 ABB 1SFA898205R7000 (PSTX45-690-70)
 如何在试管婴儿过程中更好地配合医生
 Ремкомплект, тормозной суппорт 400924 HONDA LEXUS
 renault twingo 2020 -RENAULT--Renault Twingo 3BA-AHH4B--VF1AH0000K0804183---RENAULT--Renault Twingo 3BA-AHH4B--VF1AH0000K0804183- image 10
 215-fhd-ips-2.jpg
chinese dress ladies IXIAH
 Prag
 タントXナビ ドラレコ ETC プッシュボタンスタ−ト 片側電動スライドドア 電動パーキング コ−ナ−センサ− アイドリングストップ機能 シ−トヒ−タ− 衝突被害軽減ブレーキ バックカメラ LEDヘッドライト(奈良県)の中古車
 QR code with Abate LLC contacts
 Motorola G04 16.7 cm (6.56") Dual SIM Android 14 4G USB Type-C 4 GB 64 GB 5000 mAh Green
┄┄┄┄┄┄┄┄┄┄┄┄┄┄┄┄┄┄┄┄
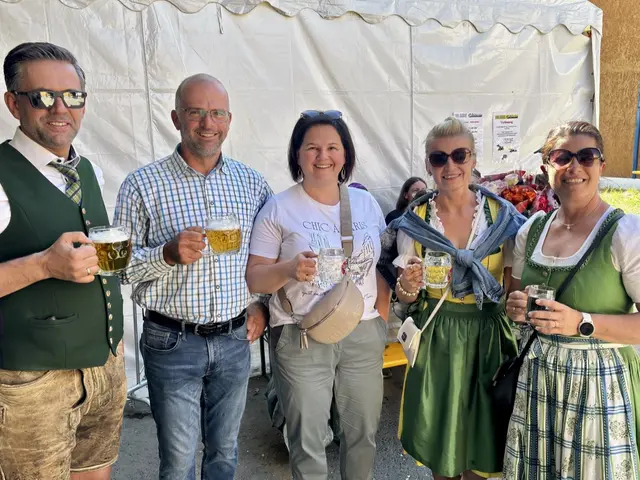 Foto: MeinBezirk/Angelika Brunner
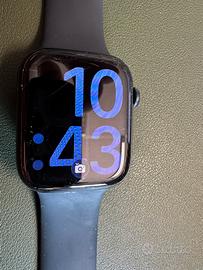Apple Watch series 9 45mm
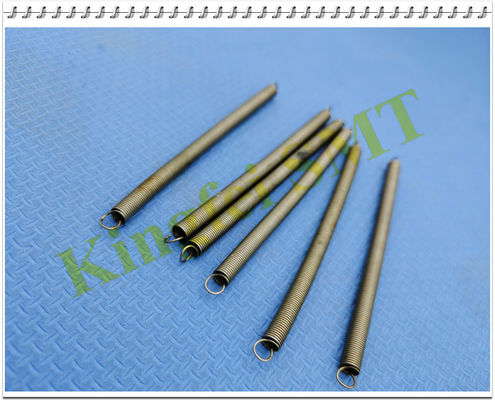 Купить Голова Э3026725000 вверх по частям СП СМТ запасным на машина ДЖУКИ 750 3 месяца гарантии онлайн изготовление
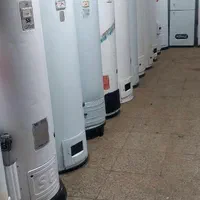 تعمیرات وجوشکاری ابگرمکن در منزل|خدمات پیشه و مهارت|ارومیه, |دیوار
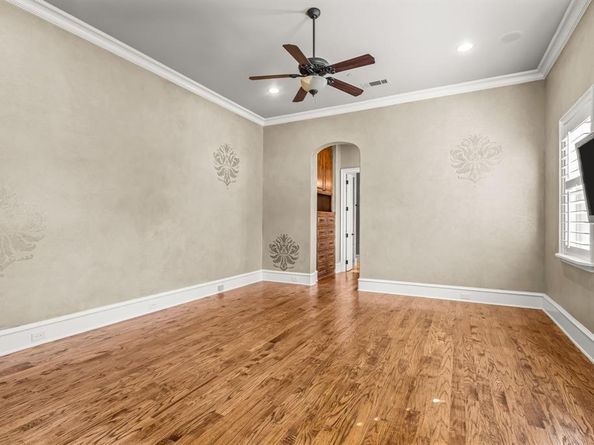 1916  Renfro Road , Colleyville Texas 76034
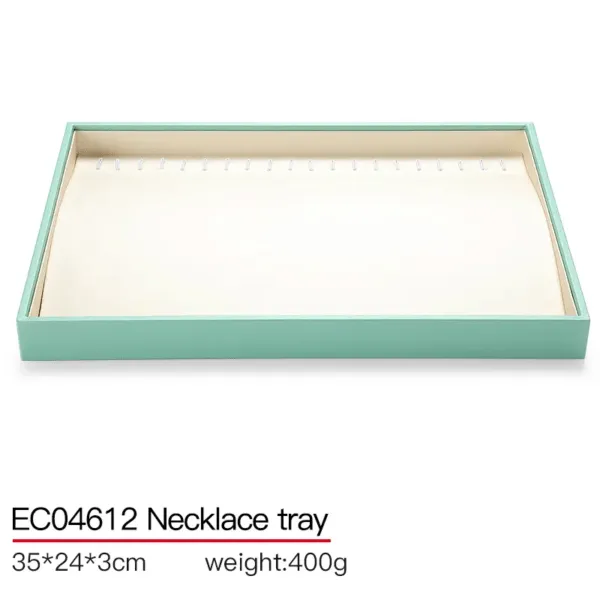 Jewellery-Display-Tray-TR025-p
┄┄┄┄┄┄┄┄┄┄┄┄┄┄┄┄┄┄┄┄
-- What this task involves --
Print exactly the lines above from the one with "chinese dress ladies IXIAH" to the one with "Motorola G04 16.7", including both.

-- Worked solution --
chinese dress ladies IXIAH
 Prag
 タントXナビ ドラレコ ETC プッシュボタンスタ−ト 片側電動スライドドア 電動パーキング コ−ナ−センサ− アイドリングストップ機能 シ−トヒ−タ− 衝突被害軽減ブレーキ バックカメラ LEDヘッドライト(奈良県)の中古車
 QR code with Abate LLC contacts
 Motorola G04 16.7 cm (6.56") Dual SIM Android 14 4G USB Type-C 4 GB 64 GB 5000 mAh Green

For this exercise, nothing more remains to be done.